Specific and pecuniary legacies
A specific legacy is the gift of a particular item to a named person, such as an item of jewellery or a painting.
A pecuniary legacy is a fixed sum of money left to someone. These legacies are paid first before the residual estate is divided up.
The residual estate is everything that is left after all expenses, debts and other legacies have been paid. You can divide it into shares, for example, half to each of your two children, or by way of a percentage.
You should be aware that in the event that you have incurred expenses towards the end of your life, such as care home fees, your residual estate may be less than you thought it might be. It could be the case that once the debts and pecuniary legacies have been paid, the residual estate could be very small. If this happens, then your residual beneficiaries could receive less than those receiving a pecuniary legacy, which may not have been your intention.

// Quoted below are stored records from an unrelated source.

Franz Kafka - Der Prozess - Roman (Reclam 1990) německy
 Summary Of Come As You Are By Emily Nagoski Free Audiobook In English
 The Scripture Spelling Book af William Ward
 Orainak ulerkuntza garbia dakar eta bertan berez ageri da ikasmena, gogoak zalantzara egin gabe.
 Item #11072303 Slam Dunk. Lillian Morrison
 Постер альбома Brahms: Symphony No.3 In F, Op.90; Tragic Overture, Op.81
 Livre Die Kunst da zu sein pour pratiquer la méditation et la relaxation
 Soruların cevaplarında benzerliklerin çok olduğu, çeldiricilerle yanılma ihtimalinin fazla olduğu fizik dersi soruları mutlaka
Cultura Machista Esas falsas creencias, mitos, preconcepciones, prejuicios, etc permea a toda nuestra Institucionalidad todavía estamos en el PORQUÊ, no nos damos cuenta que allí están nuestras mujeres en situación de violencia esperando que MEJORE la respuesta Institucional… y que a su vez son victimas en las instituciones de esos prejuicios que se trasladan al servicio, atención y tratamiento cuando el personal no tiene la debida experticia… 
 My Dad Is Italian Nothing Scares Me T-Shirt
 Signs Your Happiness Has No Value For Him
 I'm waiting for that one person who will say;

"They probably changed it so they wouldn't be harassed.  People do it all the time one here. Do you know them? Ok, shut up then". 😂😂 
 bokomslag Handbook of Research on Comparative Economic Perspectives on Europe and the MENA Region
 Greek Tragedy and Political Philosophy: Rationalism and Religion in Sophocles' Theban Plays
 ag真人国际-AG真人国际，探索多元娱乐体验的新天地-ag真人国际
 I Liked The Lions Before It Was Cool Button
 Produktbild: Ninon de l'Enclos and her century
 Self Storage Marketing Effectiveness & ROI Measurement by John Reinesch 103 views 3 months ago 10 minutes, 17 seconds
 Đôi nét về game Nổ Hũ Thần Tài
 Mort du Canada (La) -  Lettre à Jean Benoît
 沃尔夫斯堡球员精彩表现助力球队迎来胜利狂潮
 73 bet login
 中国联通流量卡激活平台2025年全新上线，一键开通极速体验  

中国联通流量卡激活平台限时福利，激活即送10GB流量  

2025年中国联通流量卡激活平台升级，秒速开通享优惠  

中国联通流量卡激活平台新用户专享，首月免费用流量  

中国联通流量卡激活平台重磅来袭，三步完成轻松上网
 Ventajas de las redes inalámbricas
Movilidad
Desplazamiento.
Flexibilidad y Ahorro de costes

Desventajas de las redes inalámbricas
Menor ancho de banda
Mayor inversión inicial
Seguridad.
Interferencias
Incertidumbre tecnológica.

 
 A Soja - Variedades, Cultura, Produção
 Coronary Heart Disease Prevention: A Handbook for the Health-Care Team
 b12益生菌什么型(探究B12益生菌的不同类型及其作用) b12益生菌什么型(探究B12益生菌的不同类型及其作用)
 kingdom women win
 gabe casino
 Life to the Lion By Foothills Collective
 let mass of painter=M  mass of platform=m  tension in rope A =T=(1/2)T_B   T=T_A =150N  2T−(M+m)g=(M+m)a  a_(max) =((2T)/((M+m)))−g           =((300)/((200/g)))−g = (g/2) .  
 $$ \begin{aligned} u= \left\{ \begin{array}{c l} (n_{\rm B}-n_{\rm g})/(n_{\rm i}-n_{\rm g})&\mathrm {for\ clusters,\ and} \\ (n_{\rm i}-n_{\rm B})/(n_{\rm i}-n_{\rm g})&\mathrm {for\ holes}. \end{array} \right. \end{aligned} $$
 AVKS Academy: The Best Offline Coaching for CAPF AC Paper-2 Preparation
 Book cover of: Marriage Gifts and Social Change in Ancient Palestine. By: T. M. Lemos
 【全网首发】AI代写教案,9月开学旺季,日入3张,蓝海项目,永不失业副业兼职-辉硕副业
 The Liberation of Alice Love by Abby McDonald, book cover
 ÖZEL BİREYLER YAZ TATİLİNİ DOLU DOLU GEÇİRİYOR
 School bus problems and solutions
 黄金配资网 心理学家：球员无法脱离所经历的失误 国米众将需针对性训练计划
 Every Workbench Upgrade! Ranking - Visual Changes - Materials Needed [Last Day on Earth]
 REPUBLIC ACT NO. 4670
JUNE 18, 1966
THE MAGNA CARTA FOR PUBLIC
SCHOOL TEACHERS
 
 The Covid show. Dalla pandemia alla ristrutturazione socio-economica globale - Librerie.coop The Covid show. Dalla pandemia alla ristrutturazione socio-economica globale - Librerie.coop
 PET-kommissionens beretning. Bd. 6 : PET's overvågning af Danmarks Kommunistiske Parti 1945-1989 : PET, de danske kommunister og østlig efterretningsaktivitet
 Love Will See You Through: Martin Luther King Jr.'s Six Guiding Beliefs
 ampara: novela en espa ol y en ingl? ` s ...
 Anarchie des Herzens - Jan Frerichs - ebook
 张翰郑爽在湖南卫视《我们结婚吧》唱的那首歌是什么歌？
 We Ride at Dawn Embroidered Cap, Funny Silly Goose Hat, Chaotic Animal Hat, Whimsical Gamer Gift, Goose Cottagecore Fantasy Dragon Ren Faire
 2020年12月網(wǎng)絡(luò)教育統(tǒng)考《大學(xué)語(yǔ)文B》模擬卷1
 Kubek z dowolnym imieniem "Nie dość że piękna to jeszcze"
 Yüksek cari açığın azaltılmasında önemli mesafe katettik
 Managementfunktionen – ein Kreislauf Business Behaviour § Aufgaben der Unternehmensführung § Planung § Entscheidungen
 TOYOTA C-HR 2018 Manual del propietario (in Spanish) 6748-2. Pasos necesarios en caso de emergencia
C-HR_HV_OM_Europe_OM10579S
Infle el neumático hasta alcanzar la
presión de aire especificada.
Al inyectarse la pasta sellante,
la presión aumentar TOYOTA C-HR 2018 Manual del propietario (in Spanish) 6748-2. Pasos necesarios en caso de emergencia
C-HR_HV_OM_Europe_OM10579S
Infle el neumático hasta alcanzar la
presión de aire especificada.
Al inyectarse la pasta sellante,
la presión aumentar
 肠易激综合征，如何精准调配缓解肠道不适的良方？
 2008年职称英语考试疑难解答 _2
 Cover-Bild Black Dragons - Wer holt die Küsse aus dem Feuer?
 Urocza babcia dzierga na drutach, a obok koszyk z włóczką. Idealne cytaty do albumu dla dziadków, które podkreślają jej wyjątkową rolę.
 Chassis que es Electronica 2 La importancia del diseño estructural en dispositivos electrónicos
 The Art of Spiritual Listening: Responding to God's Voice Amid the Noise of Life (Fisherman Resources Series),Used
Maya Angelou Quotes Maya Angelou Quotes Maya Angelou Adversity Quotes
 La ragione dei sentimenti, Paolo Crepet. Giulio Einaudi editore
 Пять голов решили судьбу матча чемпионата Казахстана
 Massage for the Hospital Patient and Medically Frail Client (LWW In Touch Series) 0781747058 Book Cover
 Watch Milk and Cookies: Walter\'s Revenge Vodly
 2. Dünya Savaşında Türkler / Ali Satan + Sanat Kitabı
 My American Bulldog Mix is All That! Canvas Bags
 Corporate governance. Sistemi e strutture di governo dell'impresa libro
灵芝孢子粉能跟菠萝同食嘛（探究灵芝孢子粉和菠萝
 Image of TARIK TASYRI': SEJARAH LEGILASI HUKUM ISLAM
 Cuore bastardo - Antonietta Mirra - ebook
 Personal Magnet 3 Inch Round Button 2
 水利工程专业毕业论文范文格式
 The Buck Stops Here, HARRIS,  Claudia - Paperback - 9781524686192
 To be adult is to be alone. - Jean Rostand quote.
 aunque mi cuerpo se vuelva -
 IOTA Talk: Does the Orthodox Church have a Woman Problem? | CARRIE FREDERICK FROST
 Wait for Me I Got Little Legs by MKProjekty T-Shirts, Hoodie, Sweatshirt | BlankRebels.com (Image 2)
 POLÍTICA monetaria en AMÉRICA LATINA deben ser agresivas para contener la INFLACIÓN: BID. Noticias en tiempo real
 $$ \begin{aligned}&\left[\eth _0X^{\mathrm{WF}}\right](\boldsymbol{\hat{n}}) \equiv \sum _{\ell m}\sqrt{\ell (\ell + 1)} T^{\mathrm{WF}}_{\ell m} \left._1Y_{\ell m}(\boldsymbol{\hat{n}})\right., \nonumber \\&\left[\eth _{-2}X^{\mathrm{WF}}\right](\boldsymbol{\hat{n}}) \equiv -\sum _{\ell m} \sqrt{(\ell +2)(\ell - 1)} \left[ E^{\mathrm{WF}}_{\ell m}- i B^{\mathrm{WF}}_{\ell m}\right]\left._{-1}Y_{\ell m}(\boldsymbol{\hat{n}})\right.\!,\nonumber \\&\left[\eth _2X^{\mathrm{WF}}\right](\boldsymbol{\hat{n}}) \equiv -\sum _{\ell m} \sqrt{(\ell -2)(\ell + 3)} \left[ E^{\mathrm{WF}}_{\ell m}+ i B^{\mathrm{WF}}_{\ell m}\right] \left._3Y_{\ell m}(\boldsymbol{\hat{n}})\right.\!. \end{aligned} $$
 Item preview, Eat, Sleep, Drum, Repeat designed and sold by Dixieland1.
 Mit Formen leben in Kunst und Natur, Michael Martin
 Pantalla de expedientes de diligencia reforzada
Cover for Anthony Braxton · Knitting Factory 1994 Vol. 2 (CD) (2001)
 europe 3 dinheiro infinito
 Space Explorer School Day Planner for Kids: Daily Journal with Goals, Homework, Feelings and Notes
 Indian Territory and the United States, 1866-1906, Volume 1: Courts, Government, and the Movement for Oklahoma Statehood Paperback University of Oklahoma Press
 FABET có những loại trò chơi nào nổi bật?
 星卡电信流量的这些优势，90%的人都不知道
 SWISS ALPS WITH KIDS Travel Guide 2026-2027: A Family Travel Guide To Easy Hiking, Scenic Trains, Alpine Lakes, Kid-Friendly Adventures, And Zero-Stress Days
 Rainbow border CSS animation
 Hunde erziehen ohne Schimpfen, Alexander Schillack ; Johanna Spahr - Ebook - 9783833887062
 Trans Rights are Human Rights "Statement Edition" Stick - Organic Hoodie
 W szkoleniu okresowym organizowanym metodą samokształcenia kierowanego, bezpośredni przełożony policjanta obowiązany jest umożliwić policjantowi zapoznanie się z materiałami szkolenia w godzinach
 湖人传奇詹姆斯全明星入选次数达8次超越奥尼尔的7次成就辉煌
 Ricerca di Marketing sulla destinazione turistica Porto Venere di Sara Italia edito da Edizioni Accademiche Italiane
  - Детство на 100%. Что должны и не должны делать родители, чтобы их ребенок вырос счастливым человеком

Putting the right Will in place for your loved ones is important. You can ensure that they are looked after and that all of your assets ultimately pass to those whom you would like to benefit from them. You can also make arrangements to legitimately reduce the amount of Inheritance Tax that will be payable as well as protecting your assets from being spent where you would not want them to be.
It is always recommended that you seek professional help in having a Will drawn up, to ensure that your estate is safeguarded as far as possible and that you are aware of any pitfalls. A clear, unambiguous and well-drafted Will goes a long way to avoiding family disagreements after a death as well as providing for family members into the future.
Putting a Will in place will give you the peace of mind of knowing that your family will benefit from your estate in the way that you wish them to.
At Elm Legal Services our Wills and Trusts experts can discuss your situation with you and draw up a bespoke Will on your behalf. We can answer any questions you may have about putting a trust in place and ensure that you fully understand how it will benefit your loved ones.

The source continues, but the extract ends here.